These allow the refresh rate to be optimised based on temperature and usage conditions. Unnecessary refreshes can be avoided, saving power. The refresh logic does add some complexity and power, but the net effect is a power savings.

Latency

The new clocking architecture in HBM3 decouples the traditional clock signal from the host to the device and the data strobe signals, allowing for a lower latency and high-performance solution when migrating from HBM2E to HBM3.

Clock architecture

HBM3 decouples the command/address clock from the data bus clock. The command clock runs at half the frequency of the data clock. This allows the DRAM I/O to run faster without burdening the core DRAM arrays.

Splitting the clocks does require some additional clock generation and synchronisation logic which consumes power. But it enables a significant data rate increase without a proportional power increase.

Summary

In conclusion, HBM3 represents a leap forward in memory technology, offering increased storage capacity, faster data transfer rates, improved power efficiency, and advanced features.

With its ability to meet the growing demands of high-performance computing applications, HBM3 is poised to become the memory solution of choice for industries seeking cutting-edge performance and efficiency.

As the adoption of HBM3 grows, we can expect to see groundbreaking advancements in graphics, cloud computing, networking, AI, and automotive sectors, propelling us into a new era of technological innovation.

Other Technical Details

Pseudo-Channels:

Each HBM channel is quite wide (128 bits in HBM2). To further increase parallelism, each channel can be split into narrower "pseudo-channels".
HBM2 could split each channel into 2 pseudo-channels of 64 bits, while HBM3 can split into 4 pseudo-channels of 32 bits.
This allows even more simultaneous data access within a channel.

Wide Data Interface

HBM has a very wide data bus - 1024 bits in total. In HBM2 this was split into 8 channels of 256 bits each, while in HBM3 it's 16 channels of 128 bits.
This wide interface allows a high data rate (amount of data transferred per second) to be achieved at a relatively lower clock speed, which helps manage power consumption.

High-Speed Signaling:

HBM uses advanced circuit techniques to achieve very high signaling rates on the data interface.
HBM2 could transfer data at up to 2 Gigabits per second (Gbps) per pin.
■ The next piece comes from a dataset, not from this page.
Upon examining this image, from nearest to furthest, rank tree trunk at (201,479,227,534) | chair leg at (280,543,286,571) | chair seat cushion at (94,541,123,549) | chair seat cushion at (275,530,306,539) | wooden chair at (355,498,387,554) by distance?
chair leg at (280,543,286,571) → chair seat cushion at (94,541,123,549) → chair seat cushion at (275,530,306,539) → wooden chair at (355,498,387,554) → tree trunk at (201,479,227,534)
HBM2E increased this to 3.2 Gbps, and HBM3 will reach 6.4 Gbps or even higher.
To ensure reliable operation at these high speeds, HBM uses techniques like equalization (adjusting the signal strength and shape), Forward Error Correction (adding redundant data that allows errors to be corrected), and careful alignment and training of the signal timing.
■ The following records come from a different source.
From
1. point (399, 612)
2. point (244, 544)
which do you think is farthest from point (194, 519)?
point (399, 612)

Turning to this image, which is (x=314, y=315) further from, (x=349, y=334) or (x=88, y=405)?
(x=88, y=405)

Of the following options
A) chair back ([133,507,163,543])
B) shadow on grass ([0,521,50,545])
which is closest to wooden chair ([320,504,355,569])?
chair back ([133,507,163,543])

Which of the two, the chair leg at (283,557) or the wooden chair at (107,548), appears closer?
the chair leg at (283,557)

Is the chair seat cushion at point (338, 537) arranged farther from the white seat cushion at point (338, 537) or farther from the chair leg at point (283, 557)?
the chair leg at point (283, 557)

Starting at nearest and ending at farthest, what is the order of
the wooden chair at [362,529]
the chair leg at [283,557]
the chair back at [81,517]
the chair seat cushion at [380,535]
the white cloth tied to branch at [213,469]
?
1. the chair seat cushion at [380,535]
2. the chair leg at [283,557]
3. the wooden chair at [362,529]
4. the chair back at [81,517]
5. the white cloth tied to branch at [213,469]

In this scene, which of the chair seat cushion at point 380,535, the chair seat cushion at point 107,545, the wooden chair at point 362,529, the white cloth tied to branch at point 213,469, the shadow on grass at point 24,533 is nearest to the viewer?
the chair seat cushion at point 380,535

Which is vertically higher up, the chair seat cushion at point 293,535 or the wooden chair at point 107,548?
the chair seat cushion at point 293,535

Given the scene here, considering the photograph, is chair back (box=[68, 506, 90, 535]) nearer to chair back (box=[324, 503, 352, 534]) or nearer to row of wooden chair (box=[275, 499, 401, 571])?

Separate Row and Column Commands

The DRAM chips in HBM are arranged in a grid of rows and columns. Accessing data requires first selecting a row (called activating the row) and then reading or writing the desired columns.
HBM has separate command buses for row commands (like activate and precharge) and column commands (like read and write). This allows the memory controller to prepare the next row while still reading or writing data from the current row, improving utilization.

Additive Latency and Read-Modify-Write

Additive latency allows the memory controller to send a read command before the associated row activate command. The DRAM internally delays the read until the row is ready. This hides some of the row activation time, reducing overall latency.
Read-modify-write is a feature that allows a small piece of data within a larger block to be updated without having to read the entire block, modify it in the processor, and write the entire block back. This saves time and power.

To achieve its high bandwidth goals, HBM requires careful engineering of the electrical signals and power delivery:

Signal Integrity

Signal integrity refers to ensuring that the electrical signals representing the data maintain their correct shape and timing as they travel from the sender to the receiver.
At the high speeds used by HBM, this is challenging. The engineers must carefully model the entire signal path, including the microscopic bumps and TSVs in the HBM stack and the wiring in the interposer.
They use advanced simulation models (like IBIS-AMI) that capture the behavior of the circuits and the physics of the signals. They run many simulations with different patterns of data to statistically predict the likelihood of signal errors (the Bit Error Rate or BER).
The goal is to achieve a clean "eye diagram" - a visual representation of the signal quality that shows there is adequate margin for the signal voltage and timing to correctly represent the data bits even with the expected manufacturing variability and changes in operating conditions like temperature and voltage.

Power Integrity

Power integrity refers to ensuring that the voltage supplied to the HBM remains stable and noise-free despite the large, fast changes in current draw as the HBM operates.
The electrical current consumed by the HBM has to flow through the wiring in the interposer and package. The resistance and inductance of this wiring causes the voltage to droop when the current changes rapidly, which can cause errors if the voltage goes too low.
To mitigate this, the engineers place decoupling capacitors (small reservoirs of charge) very close to the HBM stack - on the same die, on the interposer, and on the package. These capacitors supply current to the HBM when needed and help smooth out the voltage fluctuations.
The placement and size of these capacitors, as well as the geometry of the power delivery network wiring, must be carefully optimized to ensure a clean power supply.
In some cases, specialized voltage regulators designed specifically for HBM may be placed very close to the stack to further improve the power integrity.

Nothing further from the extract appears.